A faithful copy of the listing below is needed, with its pictures left out.

SUPPLIED INFORMATION
....
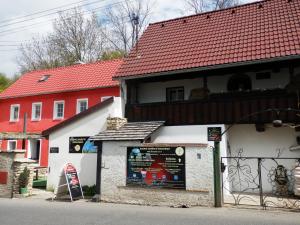 Ferienhaus Rodinné vinařství Mikulenkovi Velké Žernoseky Tschechien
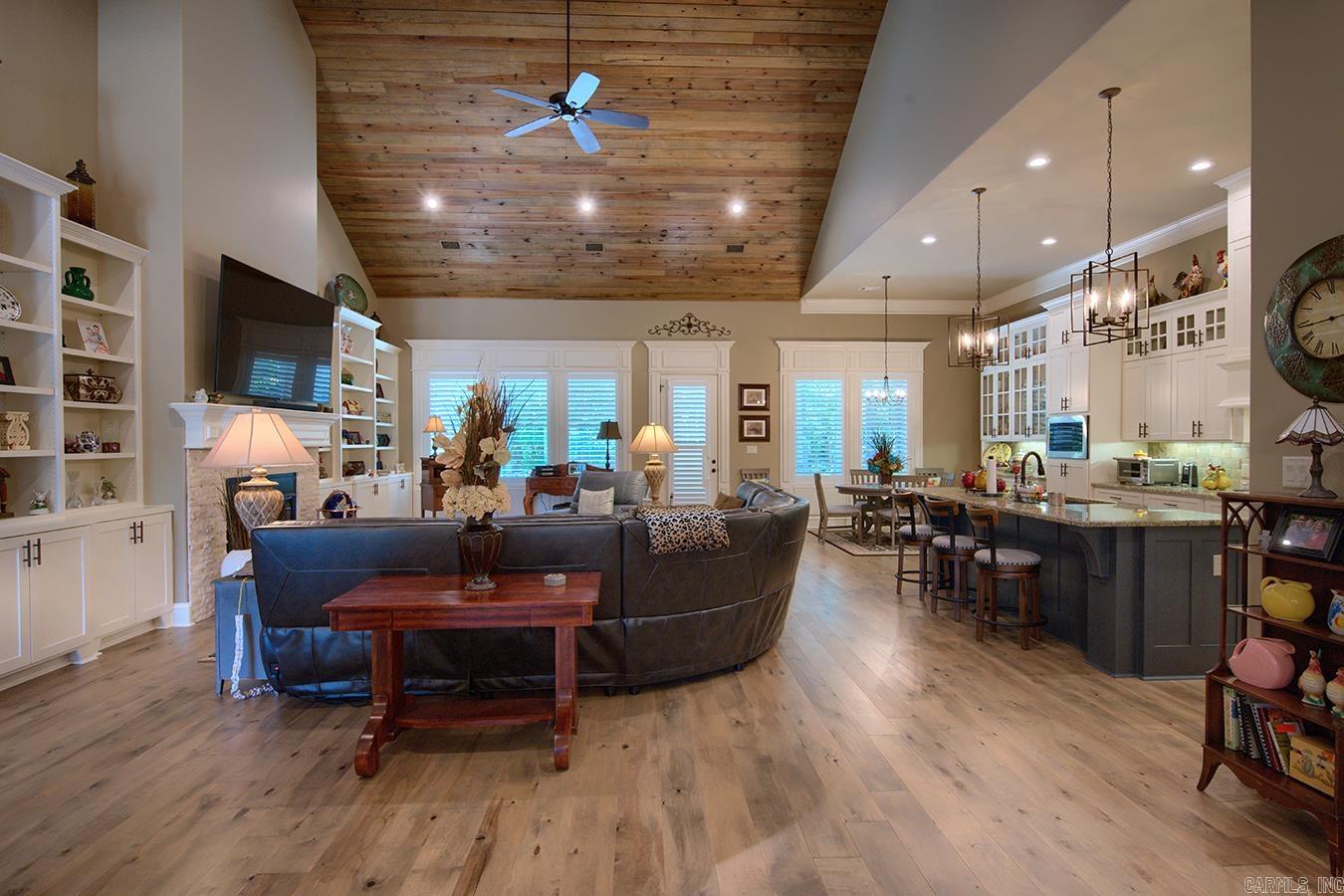 17 Captura Circle  Hot Springs Village, AR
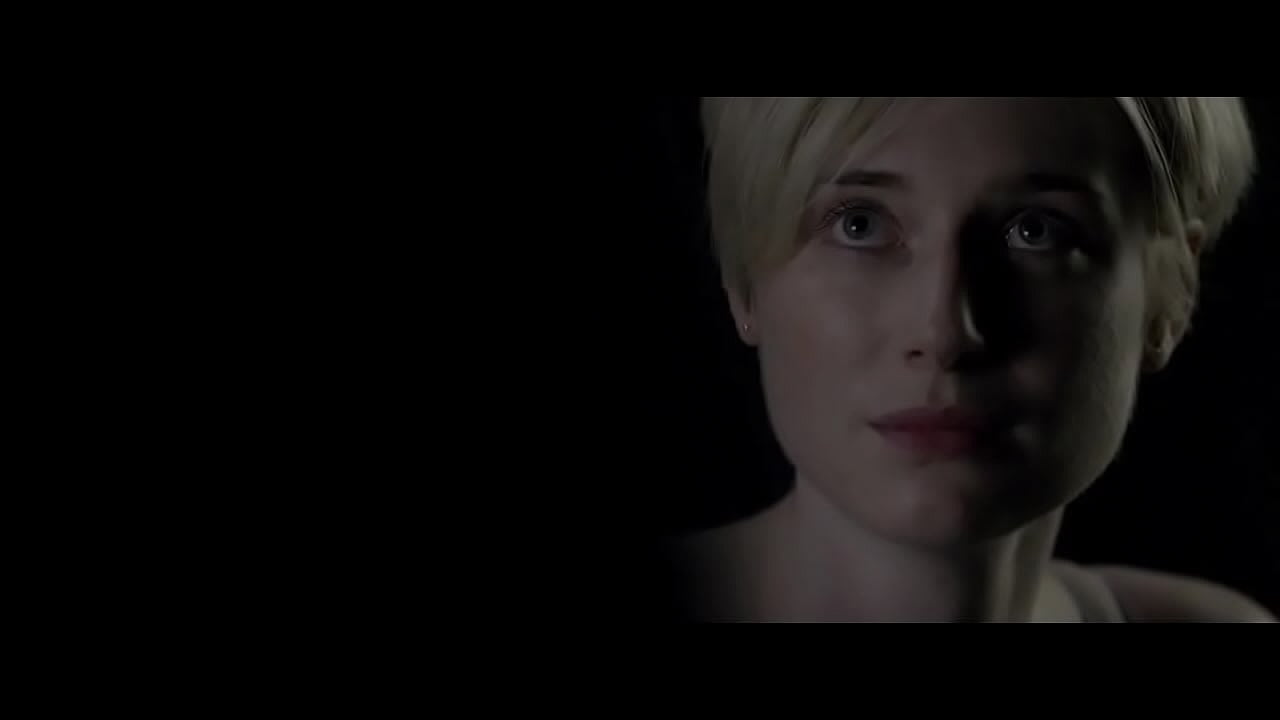 Elizabeth Debicki Looking Sexy in The Night Manager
....
OUTPUT FOR THIS TASK
 Ferienhaus Rodinné vinařství Mikulenkovi Velké Žernoseky Tschechien
 17 Captura Circle  Hot Springs Village, AR
 Elizabeth Debicki Looking Sexy in The Night Manager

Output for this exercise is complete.